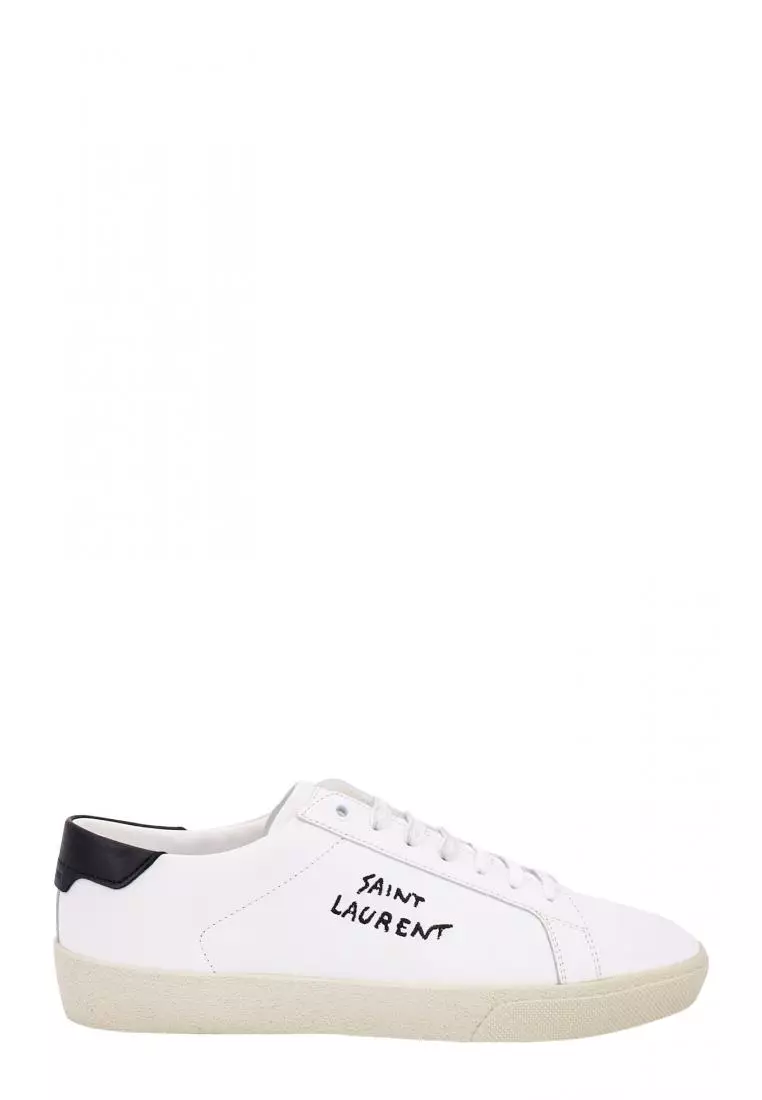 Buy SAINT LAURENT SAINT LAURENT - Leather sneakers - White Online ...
...
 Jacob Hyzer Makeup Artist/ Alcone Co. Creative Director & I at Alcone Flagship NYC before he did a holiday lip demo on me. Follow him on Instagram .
--
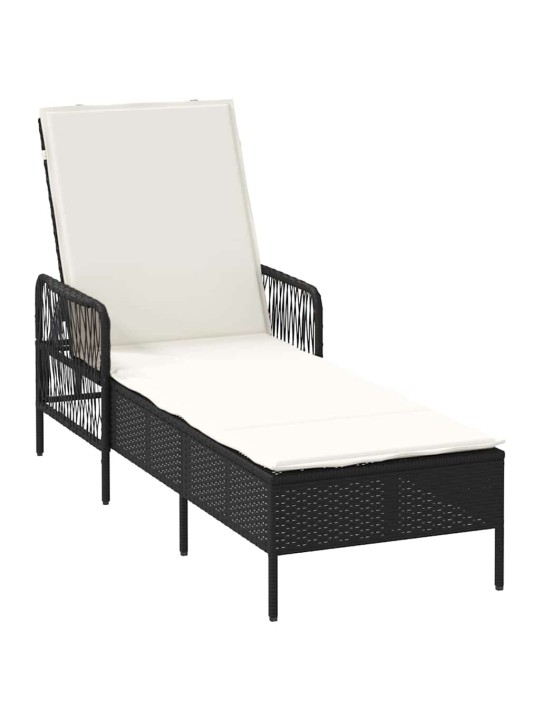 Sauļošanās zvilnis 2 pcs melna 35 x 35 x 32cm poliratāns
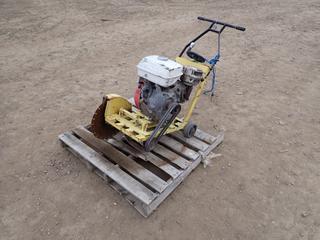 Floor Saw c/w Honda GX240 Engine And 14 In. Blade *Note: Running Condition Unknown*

» TASK DIRECTIONS
Working from the entries above, please transcribe only the lines from the line with "Sauļošanās zvilnis 2" through the line with "Floor Saw c/w", exactly, with both end lines and without pictures.

» ANSWER SPACE
 Sauļošanās zvilnis 2 pcs melna 35 x 35 x 32cm poliratāns
 Floor Saw c/w Honda GX240 Engine And 14 In. Blade *Note: Running Condition Unknown*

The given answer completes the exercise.